Afterwards, it’s the perfect segue to introducing yourself and kicking off the tour.


Challenge: Virtual travellers tend to be more passive, watching quietly or refraining from asking too many questions.


Guides are no stranger to the ‘shy guest’, but with virtual tours, it can seem like an entire group of shy guests. Conversely, it might be difficult to have very chatty guests on a virtual tour as time delays can make it logistically tricky to interact in real-time.

Solution: You can still engage your guests without them having to interject.

For example, whenever possible, relate things to them so that they feel included. An easy way to do that is by referencing the country or city they’ve told you they’re watching from; “This is a great ramen chain, there’s one in NYC, Maria, you should check it out...”

Or, “When your country joined the war, it made the difference to turn things around...”

You can also use guests as examples by using their name; “So let’s say Lihn was a local here in Buenos Aires, hanging out with her friends at a park on Saturday. If she were the one in charge of preparing the mate, she would put it together and drink the first cup…”

Or even make them historical figures; “For example, let’s say Sanjeev was a young aristocrat here in Paris….”

You can even engage them through easy, low stake trivia by asking your guests to guess a number or year before you answer; “So if you had to guess, do you think the Germans or the Czechs drink more beer per person on average?”


Challenge: Tour Guests aren’t there to tell you what they like.

In person, it’s effortless to ask guests what they’re interested in and get a sense of how to adjust the tour or experience.

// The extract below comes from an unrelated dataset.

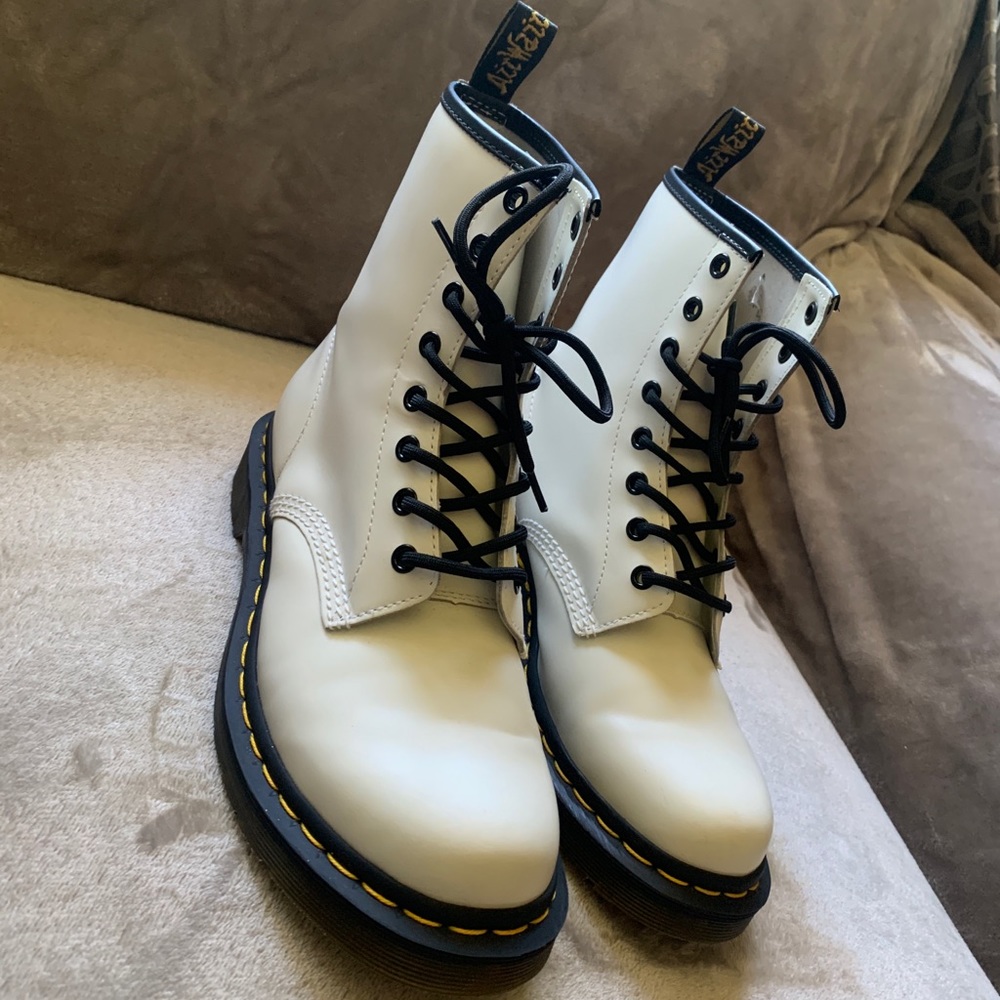 Dr. Martens 1460 Smooth Leather Lace Up Boots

However, on a Virtual Tour, especially when you can’t see their faces, it’s tough to gauge what they’re enjoying and when they’re drifting off…

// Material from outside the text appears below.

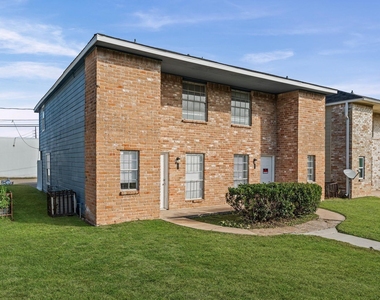 12206 Ormandy Street - Photo Thumbnail 36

Solution: Give guests A or B options whenever you can*.

One of my favourite virtual tours was of a famous temple in Taipei, Taiwan with Tour Me Away. There were tons of gods in the temple, and our guide let us each choose which one we wanted to hear about; “Ok so there is the god of medicine, the god of voyages, the god of study…” And it made us feel like we had some control over the content and certainly made us pay more attention when it came time to talk about the god we chose.

If possible, you could even give guests route options, “Ok, so we can take the path through the park, where you’ll see a lot of locals hanging out, or I can go around the edge where you have a view of the city below, which would you prefer?”

*It’s important to note that you should limit it to two options max. This is because you want to make the decision easy for them.


Challenge: Your time is limited.

Many virtual tours have a much shorter time limit than in-person tours and experiences. And if you’re trying to cover many areas, it makes it stressful if guests cut in with questions at a time where you need to keep moving.

Solution: Have set times for questions and make sure to communicate that to your guests.

I recently took a virtual Vietnamese coffee class on Virtual Trips, and the guide did a great job of designating times for questions. For example, he told us at the very beginning that there would be two periods of the brewing (where we would have to wait for the coffee). During those times, he would flip the camera around to his face (a fantastic visual cue) and go through any questions put into the chatbox.

This allows you to control the flow of your tour or activity better as you’ll have built-in space ahead of time for questions.